Layer 1: IPsec – The Encrypted Pipe

IPsec creates an encrypted tunnel between two public IP addresses. It negotiates in two phases:

  • Phase 1 (IKE) establishes a secure control channel. The two sides authenticate using a pre-shared key, agree on encryption parameters (AES-256, SHA-256, etc.), and set up a session that rekeys every 8 hours.
  • Phase 2 (IPsec SA) creates the actual data tunnel inside that control channel. This is where your traffic flows, encrypted. It rekeys every hour for forward secrecy — even if a key leaks, only one hour of traffic is exposed.

The result is an encrypted pipe between two public IPs. But a pipe alone isn’t useful. For that you’ll also need routing.
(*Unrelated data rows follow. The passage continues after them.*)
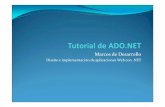 03.01 Tutorial ADO.NET 2013-09-30 - sabia.tic.udc.essabia.tic.udc.es/docencia/mad/pdf/03.01_Tutorial_ADO.NET_2013-09... · Soporta comunicación con fuentes de datos a través de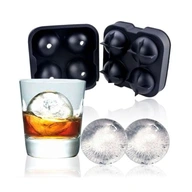 Silikónová 3D forma na ľadovú guľu na whisky ľad Silikónová 3D forma na ľadovú guľu na whisky ľad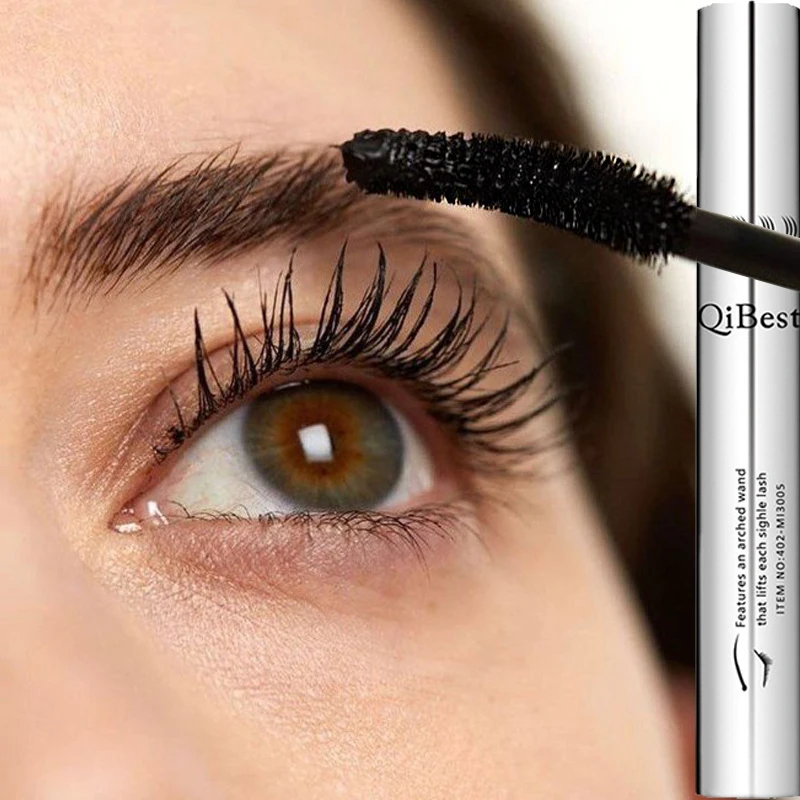 Mascara noir 4D waterproof pour les yeux, produit cosmétique pour les yeux, effet soyeux, allongement des cils, maquillage, volume, longue durée, 1 pièce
Layer 2: BGP – The Routing Protocol

IPsec doesn’t know anything about your internal networks. It just encrypts and forwards. BGP (Border Gateway Protocol) runs inside the IPsec tunnel and handles route exchange:

  • Azure tells AWS: “I have 10.224.0.0/12, send traffic for it to me”
  • AWS tells Azure: “I have 172.31.0.0/16, send traffic for it to me”
  • If a tunnel goes down, BGP detects it within seconds and reroutes

Each BGP speaker needs an ASN (Autonomous System Number), basically a unique identifier. AWS defaults to 64512, Azure defaults to 65515. These are from the private range (64512-65534), analogous to how 192.168.x.x is a private IP range.
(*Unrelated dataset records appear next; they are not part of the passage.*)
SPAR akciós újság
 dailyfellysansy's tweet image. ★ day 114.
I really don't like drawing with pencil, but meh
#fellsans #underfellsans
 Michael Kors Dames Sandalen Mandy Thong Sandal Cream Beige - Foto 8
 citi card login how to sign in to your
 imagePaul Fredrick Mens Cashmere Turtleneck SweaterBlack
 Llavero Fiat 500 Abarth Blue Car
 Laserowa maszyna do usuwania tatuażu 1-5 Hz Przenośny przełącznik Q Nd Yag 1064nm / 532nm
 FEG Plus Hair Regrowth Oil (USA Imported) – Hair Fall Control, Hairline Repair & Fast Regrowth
BGP peers need IP addresses to talk to each other. But which IPs? Your real subnets (172.31.x.x10.224.x.x) haven’t been routed yet — that’s what BGP is trying to set up. It’s a chicken-and-egg problem.

The solution is link-local addresses from the 169.254.0.0/16 range. These are special IPs that only exist on a single point-to-point link — in this case, inside the IPsec tunnel. Each tunnel gets a /30 subnet (4 IPs, 2 usable):

        ┌────────── IPsec Tunnel ──────────┐
Azure ── 169.254.21.2 <──BGP──> 169.254.21.1 ── AWS
        └──────────────────────────────────┘
                  (169.254.21.0/30)

Within each /30, AWS takes host 1 and the customer (Azure) takes host 2. Azure calls these “APIPA addresses” (Automatic Private IP Addressing); AWS calls them “inside CIDRs.” Both mean the same: a temporary IP that exists only inside the tunnel for BGP to use.

How AWS and Azure Differ

Both clouds support IPsec + BGP, but they handle the details differently:

AspectAWSAzure
GatewayVirtual Private Gateway (VGW) — no public IPs of its ownVirtual Network Gateway — has dedicated public IPs
Remote peer representationCustomer Gateway (CGW) — metadata onlyLocal Network Gateway — metadata only
Tunnels per connection2 endpoints per VPN connection (always)1 per connection, pin to a gateway instance
Inside tunnel IPsAuto-assigned or specified, must be 169.254.x.x/30Manually specified, must be 169.254.x.x (APIPA)
Pre-shared keysGenerated by AWSYou provide them (or auto-generate)
Provisioning time~5 minutes~30-45 minutes
Route propagationExplicit per-route-table settingAutomatic within the VNet

Key Difference: Tunnel Counts

AWS always creates two endpoints per VPN connection, each with its own public IP in a different AZ. The VGW itself has no public IPs. The tunnel endpoint IPs are allocated when the VPN connection is created.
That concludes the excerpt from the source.